If China does decelerate well below 7% in 2015, an oil price target in the $30 to $40 range is completely realistic.
Based on data compiled from quarterly reports, for the year ending March 31, 2014, cash from operations for 127 major oil and natural gas companies totaled $568 billion, and major uses of cash totaled $677 billion, a difference of almost $110 billion.
To fill this $110 billion hole that they’d dug in just one year, these 127 oil and gas companies went out and increased their net debt by $106 billion. But that wasn’t enough. To raise more cash, they also sold $73 billion in assets. It left them with more cash (borrowed cash, that is) on the balance sheet than before, which pleased analysts, and it left them with a pile of additional debt and fewer assets to generate revenues with in order to service this debt.
It has been going on for years. During each of the last three years, the gap was over $100 billion.
All the stimulus, all $50 trillion or so globally, has been thrown into the fire, and look at where we are. There’s nothing left, and there won’t be another $50 trillion. Sure, stock markets set records. But who cares with oil at $40?
Calling for more QE, from Japan and/or Europe or even grandma Yellen, is either entirely useless or will work only to prop up stock markets for a very short time. Diminishing returns.
The one word that comes to mind here is bloodbath. Well, unless China miraculously recovers. But who believes in that?

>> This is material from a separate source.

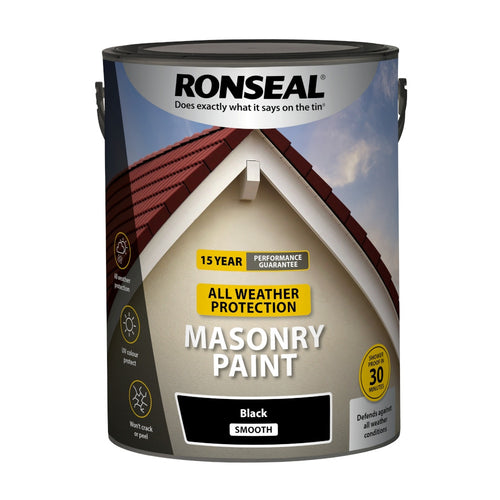 Ronseal All Weather Masonry Paint Black 5L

http://www.zerohedge.com/news/2014-11-24/who%E2%80%99s-ready-30-oil
Mat, I saw you wrote something about Uruguay I didn’t understood.
I believe Africa and Oceania are the only continents nuke free, but I could be wrong
Yes, I was wrong; if we look at countries with nuclear power:
http://en.wikipedia.org/wiki/Nuclear_power_by_country
And cross-reference with prevailing winds and ocean currents, we can see that pretty much all of the habitable regions of the Earth will be exposed if there is a total collapse.